Directions: Your response should be the lines from the one holding "CATO Red White Paisley" to the last line of the data below, copied exactly and with no additions.

Extracted material:
_ _ _ _ _

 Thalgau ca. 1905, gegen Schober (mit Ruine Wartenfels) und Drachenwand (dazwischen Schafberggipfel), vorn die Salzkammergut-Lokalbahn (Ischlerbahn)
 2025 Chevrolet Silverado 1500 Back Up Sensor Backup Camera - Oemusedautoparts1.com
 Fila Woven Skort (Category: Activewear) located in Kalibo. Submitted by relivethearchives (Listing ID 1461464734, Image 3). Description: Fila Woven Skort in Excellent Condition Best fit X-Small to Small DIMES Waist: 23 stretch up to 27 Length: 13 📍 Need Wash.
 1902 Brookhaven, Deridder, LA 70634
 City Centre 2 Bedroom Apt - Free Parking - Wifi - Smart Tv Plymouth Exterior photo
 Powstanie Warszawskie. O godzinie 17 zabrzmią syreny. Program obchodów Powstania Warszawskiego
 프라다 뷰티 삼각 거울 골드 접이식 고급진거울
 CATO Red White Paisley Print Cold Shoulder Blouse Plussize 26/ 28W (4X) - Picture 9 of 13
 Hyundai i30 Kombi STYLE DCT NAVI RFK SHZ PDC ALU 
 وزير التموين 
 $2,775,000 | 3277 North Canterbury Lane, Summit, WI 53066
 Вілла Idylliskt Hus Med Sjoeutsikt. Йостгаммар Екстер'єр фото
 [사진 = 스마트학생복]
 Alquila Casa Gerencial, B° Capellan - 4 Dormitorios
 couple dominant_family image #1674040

_ _ _ _ _

Task answer:
 CATO Red White Paisley Print Cold Shoulder Blouse Plussize 26/ 28W (4X) - Picture 9 of 13
 Hyundai i30 Kombi STYLE DCT NAVI RFK SHZ PDC ALU 
 وزير التموين 
 $2,775,000 | 3277 North Canterbury Lane, Summit, WI 53066
 Вілла Idylliskt Hus Med Sjoeutsikt. Йостгаммар Екстер'єр фото
 [사진 = 스마트학생복]
 Alquila Casa Gerencial, B° Capellan - 4 Dormitorios
 couple dominant_family image #1674040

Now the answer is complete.